NFU Wales deputy president John Davies said the labels represented a ‘clear and present danger’ all sectors of the industry and called for ‘positive action and leadership’ from the NFU leadership team on the issue.
He said: “These fictional farms are completely unacceptable. It is misleading the consumer and I believe it is open to legal challenge under food chain information regulation.
“Enough is enough, the gloves need to come off and we need to put the full power of our legal team behind a legal challenge. We need to do it after a full scoping exercise to see what’s happening with all the retailers and we make sure we are consistent and clear.”
He said the NFU needed to act in order to ’connect more with the consumer’ and show retailers ‘we are there, we are powerful and we are strong if they step across the line’.
While it is understood there are no immediate plans for legal action, NFU deputy president Minette Batters assured Mr Davies the NFU’s legal team was ‘already looking at this’ and promised to update NFU council once more information was available.
She said the products were ‘flying off the shelves’ but said processors had expressed concern they were in the value range, meaning the eating quality ‘is not going to be great’. “So there is a wider problem attached to this,” she said.
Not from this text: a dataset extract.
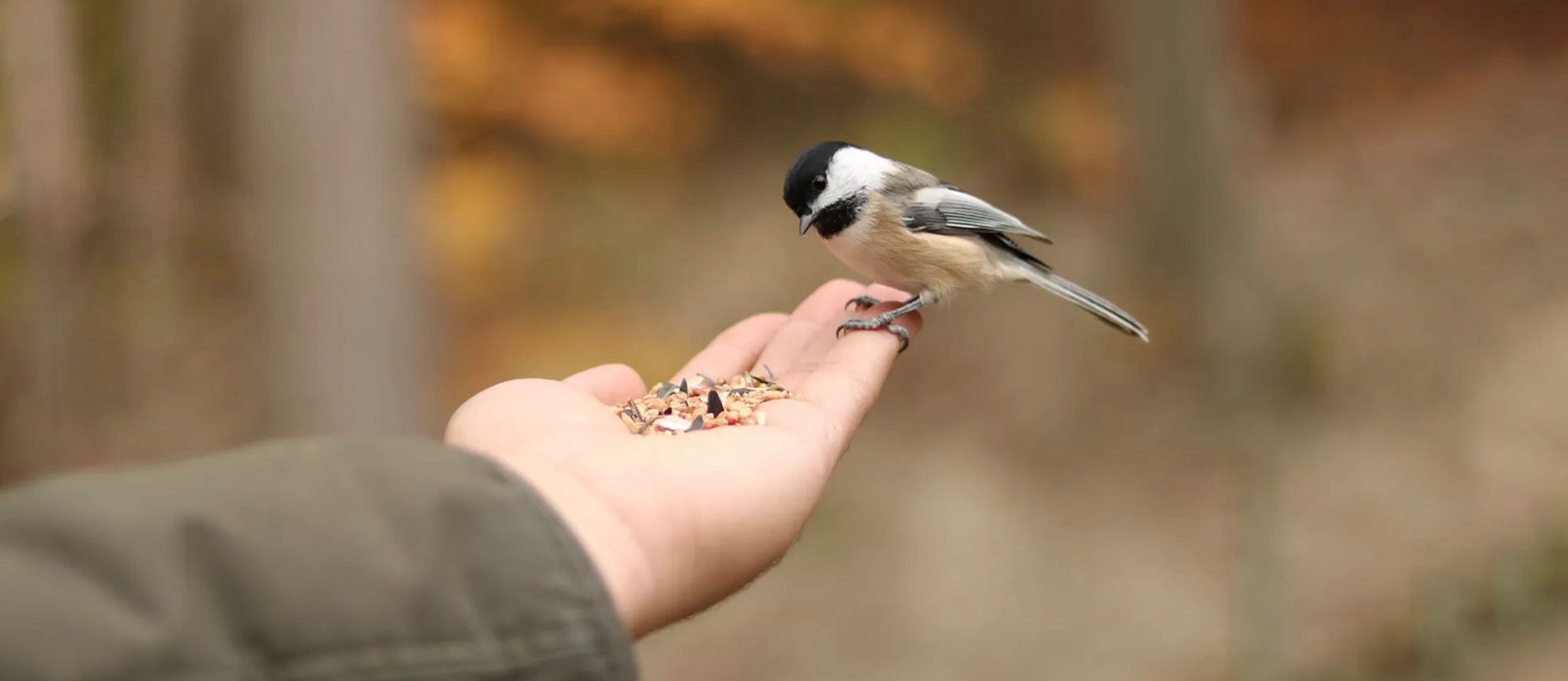 A Beginner’s Guide to Birdwatching at Home with Kids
A Tesco spokesman said: "We created these brands to represent the quality specifications that go into every product across the range.
"Every product is sourced from a selection of farms and growers - some are small, family-run farms while others are of a larger scale."
Products under the brands, which Tesco describes as 'entry tier products', come from a range of countries. All products are ‘clearly labelled with country of origin on the front of pack’, while the Union Jack is ‘prominently displayed on all British produce’, the spokesman said.
Tesco has made it clear it has no intention of ditching the brands, which have proved popular with customers.
The spokesman said: “Tesco customers are among the savviest in the country and they understand that one farm could not possibly supply Tesco given our scale and the vast range of products that they want to buy from us.”
Tesco said all its beef comes from farms in the UK or Ireland, all its fresh chicken from British farms.
Following the council meeting NFU Deputy President Minette Batters said: “A united and passionate NFU Council made their feelings known about what they perceive to be misleading labelling.
"We believe products sold under British fictional farms names are proving a popular way of engaging with consumers.
"However, farmers are very concerned that this can be misleading to shoppers, especially when some retailers are using these same brand names on imported products.
"Tesco’s introduction of new ‘farm’ brands to replace the ‘Value’ produce range is an example of this and is not specific to British produce."
She made no further reference to legal issues but added: "The NFU is already in talks with retailers about how we can make best use of British farm branding.
"British farming has a great story to tell and we would be delighted to work with retailers on 'real farm branding' that rightly informs consumers of where their food come from."